* [Your assignment] Reproduce exactly the lines of this material that begin at the line with "Arm and elbow, X-ray" and end at the line with "Medical Miracle! Doctors", both included. Omit the pictures and everything else.

* [Information]
========================================

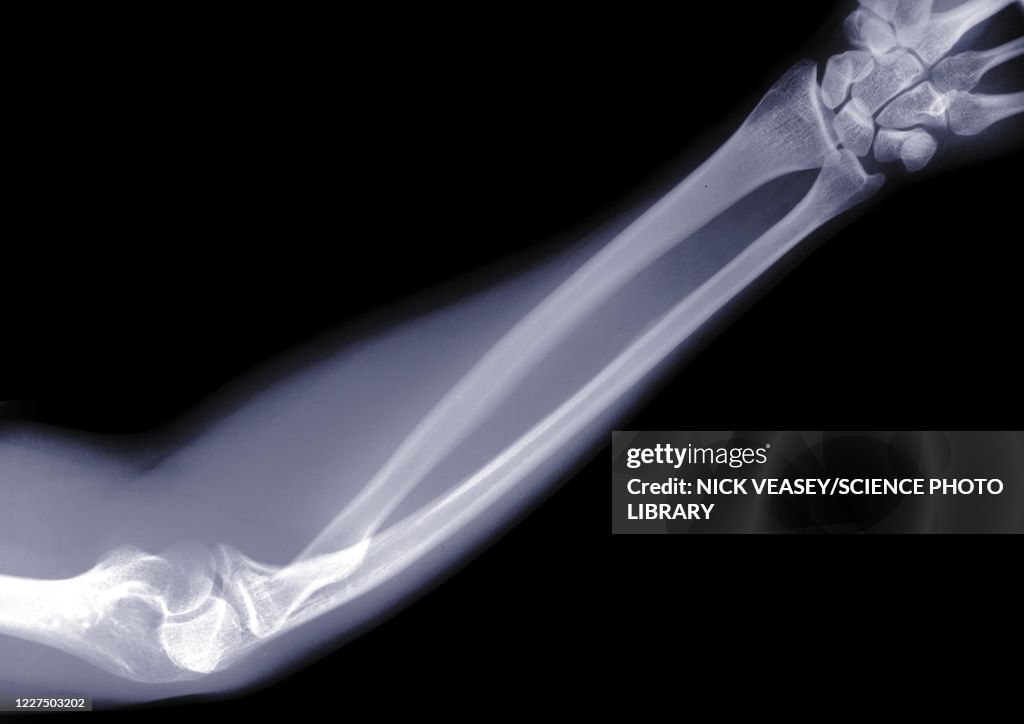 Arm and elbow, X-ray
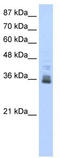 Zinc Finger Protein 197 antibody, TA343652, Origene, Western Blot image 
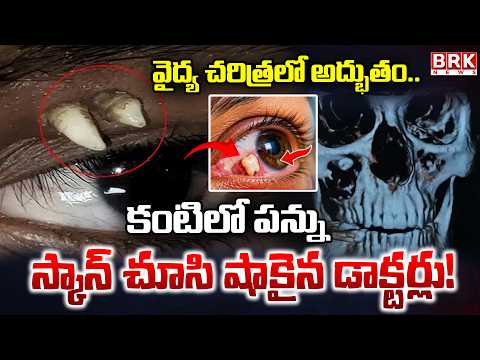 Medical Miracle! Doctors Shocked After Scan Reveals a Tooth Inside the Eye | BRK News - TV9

========================================

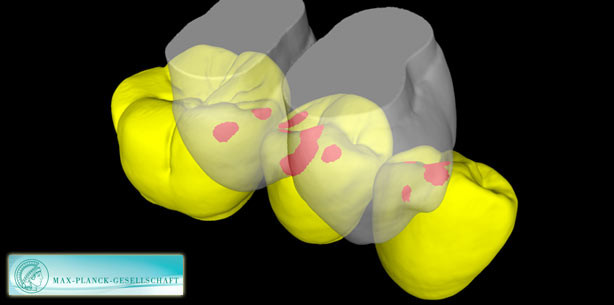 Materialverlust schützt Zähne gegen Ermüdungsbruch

========================================

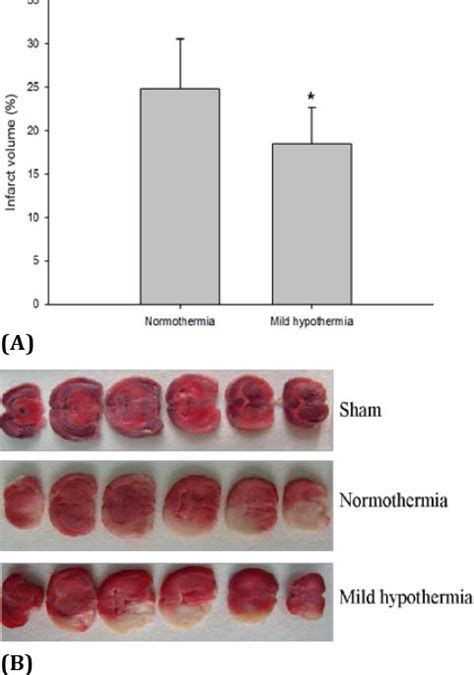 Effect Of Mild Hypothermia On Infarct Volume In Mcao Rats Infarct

========================================

* [Written solution]
 Arm and elbow, X-ray
 Zinc Finger Protein 197 antibody, TA343652, Origene, Western Blot image 
 Medical Miracle! Doctors Shocked After Scan Reveals a Tooth Inside the Eye | BRK News - TV9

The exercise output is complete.